読んでない人に分かりやすく言うと、これはギリシャ神話のヒーローたちが繰り広げる、血と汗と涙のスーパーロボット大戦であり、BL的な執着愛と少年ジャンプ的な友情バトルと、政治的陰謀と美学的死生観が混ざり合った、いわば「古典文学界の異常気象」なんです。これ、ただの戦争叙事詩じゃないの。心の奥底に潜む変態的な人間性を、これでもかと暴き出す文学的地雷原。カジュアルに踏み込むと、爆発します。

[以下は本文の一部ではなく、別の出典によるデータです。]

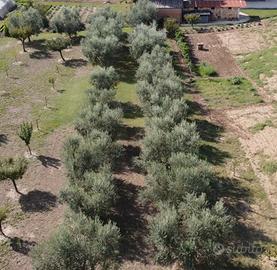 Olivi e piante da frutto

まず、語らねばならないのは、ホメロスが描く「怒り」というテーマ。『イリアス』の冒頭、アキレウスというギリシャ最強の戦士が、アガメムノンというギリシャ軍総司令官にキレ散らかすシーンから物語が始まります。この怒り、ただのヒステリーじゃないんですよ。現代の心理学的に言えば、アキレウスの怒りは自己同一性の危機に直結している。「名誉を奪われた俺は誰なんだ」という問い。ええ、これはもはや哲学。
「俺って何?」と叫ぶアキレウスを見て、わたしは思ったんです。これ、もしかして現代のキャリア女子が会社で評価されないときの怒りと同じじゃない?評価されないプロジェクトリーダー、成果を横取りする上司、そして、何も知らないで口だけ出してくるトップ。アキレウス、あなたは時代を超えたわたしなんですね。
しかし、この怒り、単なるヒーローの感情爆発に留まらない。ホメロスは、この怒りを通じて、人間の「生きる意味」そのものを問いかけている。アキレウスは戦場を離れて引きこもるんですが、ここで彼が悩むのは「英雄として名を残したいか、それとも長生きしたいか」という究極の選択。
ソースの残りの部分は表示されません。